Measles outbreak worries Turkey12th May 2010
The Turkish ministry of health is worried that a measles outbreak among Bulgaria's Roma population could have unforeseen consequences for its own citizens.
As a result, Turkish border officials are tightening their control of the country's northern border with Bulgaria.
The Bulgarian health ministry said that travellers with measles symptoms, such as fever, rash and coughing, would be provisionally banned from entry into Turkey.
The measles epidemic, which broke out just over a year ago, has only recently become a problem.
The epidemic was originally confined to Bulgarian Roma people, but it has since infected at least 18,000 people, killing 20.
Mira Kozhuharova, an epidemiologist, said that Roma children who spread the disease lacked proper vaccinations, even though the immunisation programme was obligatory in Bulgaria.
Measles, against which many people in Europe have been immunised, is a highly infectious respiratory disease that is spread by a virus.
In severe cases, around 1%, the virus can cause brain damage, although mostly the symptoms manifest as fever, cough, runny nose, red eyes, and a rash.
Measles has accounted for around 200 million deaths globally in the past 150 years. Most people who are exposed to the virus eventually become ill.
The virus has decimated human populations at various times in history. It was originally brought to Europe by the Romans, where it wiped out towns and villages in Europe who had no immunity.
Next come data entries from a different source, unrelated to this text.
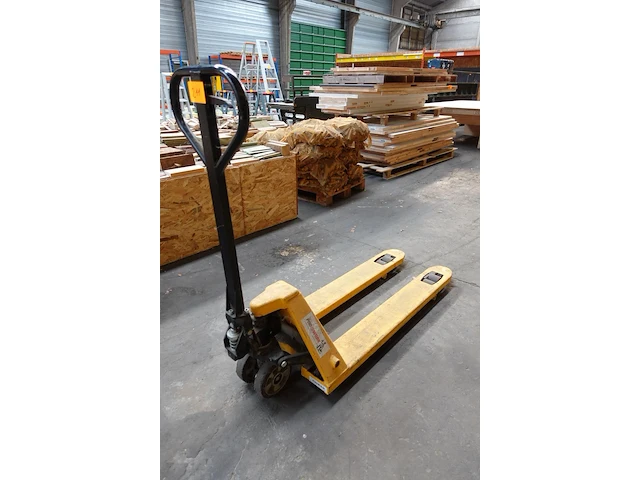 Transpallet pro@work - afbeelding 3 van  7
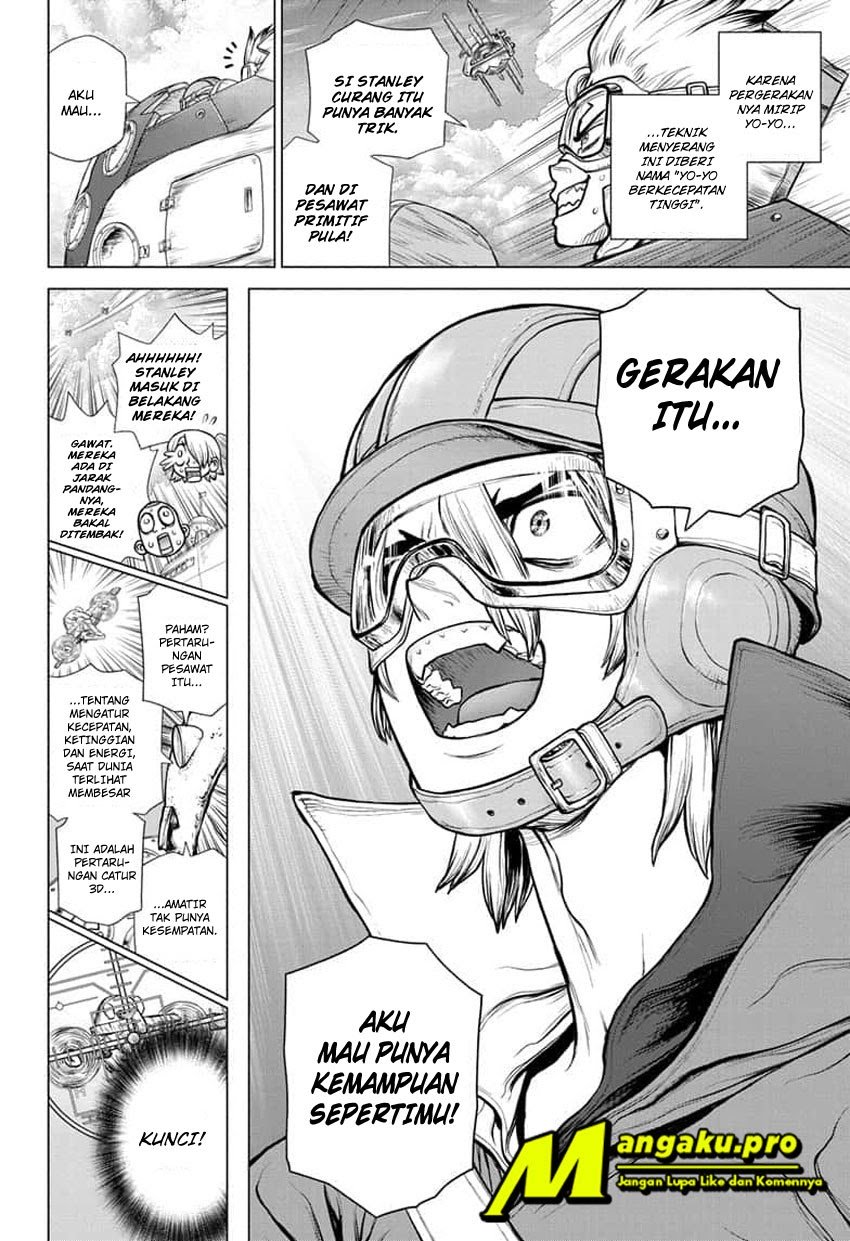 Dr. Stone Chapter 164 Gambar 12
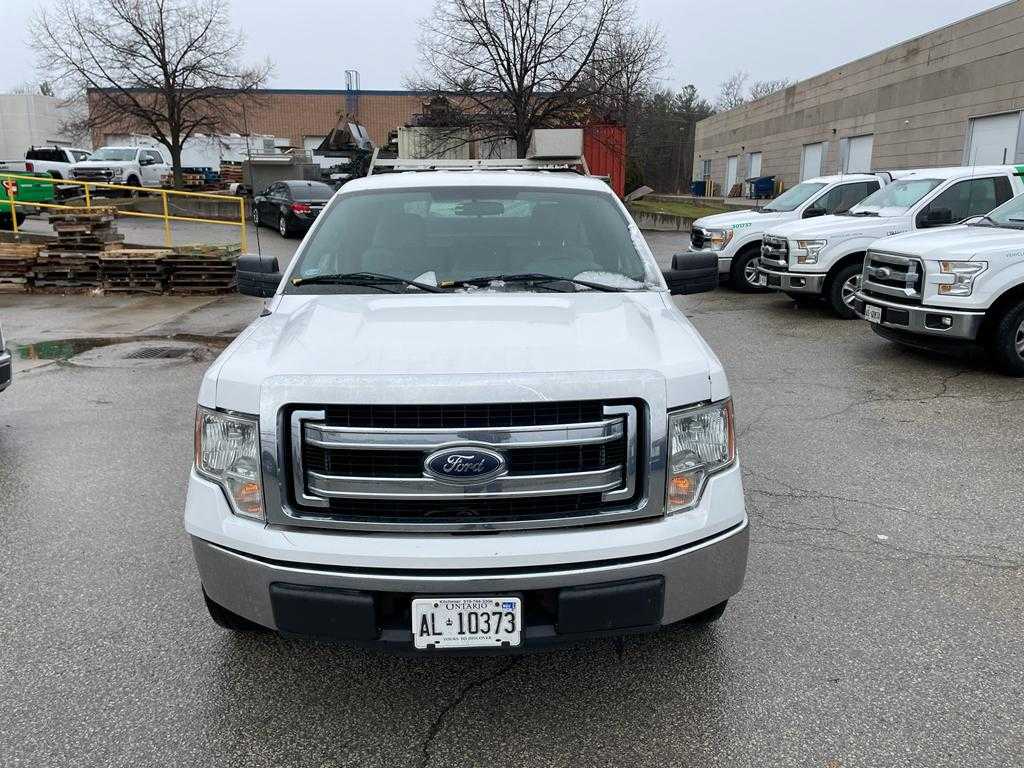 2014 FORD F-150 RWD REG CAB LONGBOX PICKUP TRUCK - HYDRO EXCAVATOR TRUCKS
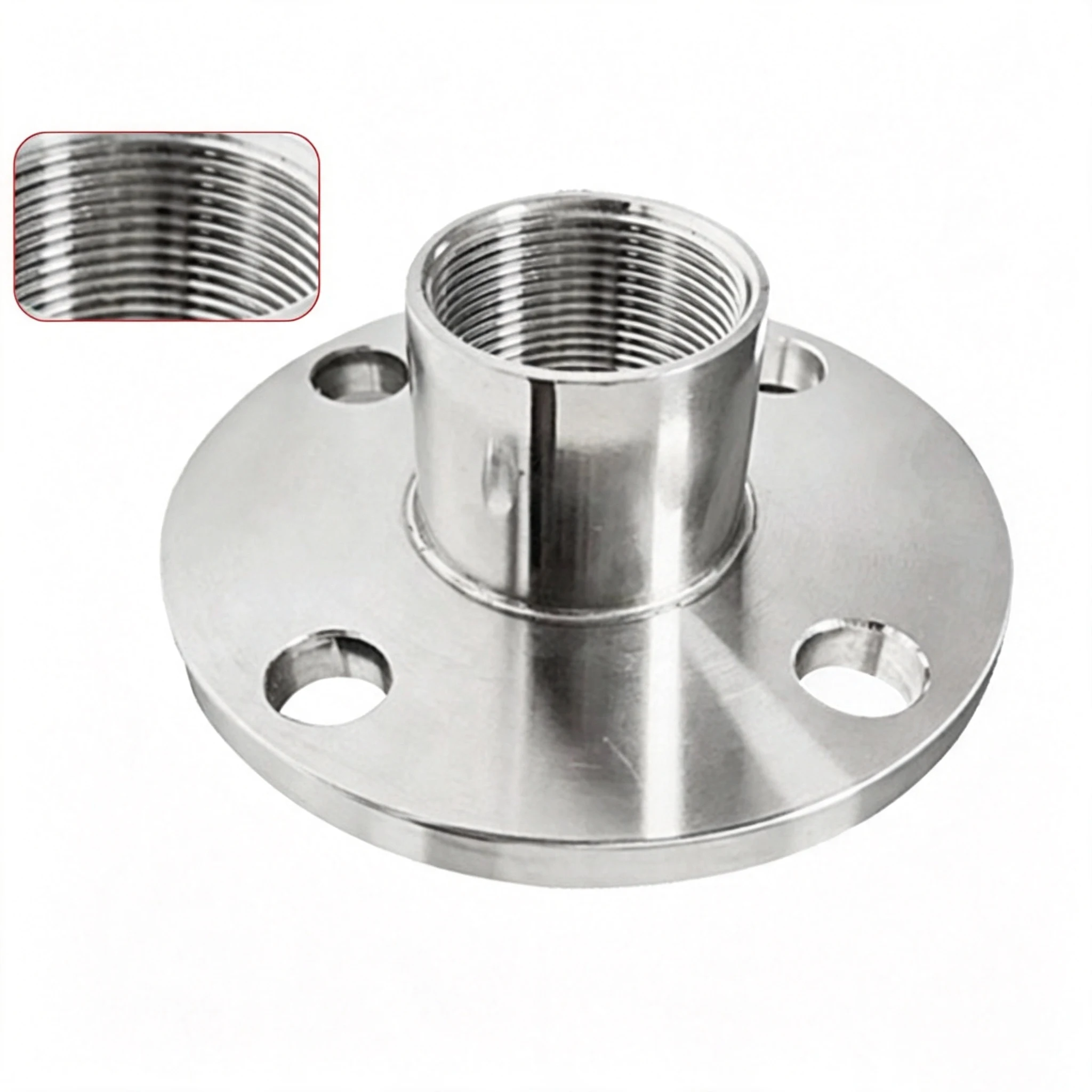 1-10pcs 2mm 3mm 4mm 5mm 6mm  8mm  Rigid Flange Coupling Motor Guide Shaft Coupler Bearing accessories Motor Support Connector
Indigenous American people suffered the same fate hundreds of years later, when colonists brought the virus with them to North and South America.
Most countries have a compulsory immunisation programme for measles.
Bulgaria has seen a measles epidemic already in recent years, when an outbreak affected around 22,000 people in 1992.
Thousands of cases are still reported annually in Turkey, mostly in children, and would be preventable if officials imposed compulsory immunisation on the population.
The World Health Organisation says that measles is a leading cause of preventable childhood deaths worldwide.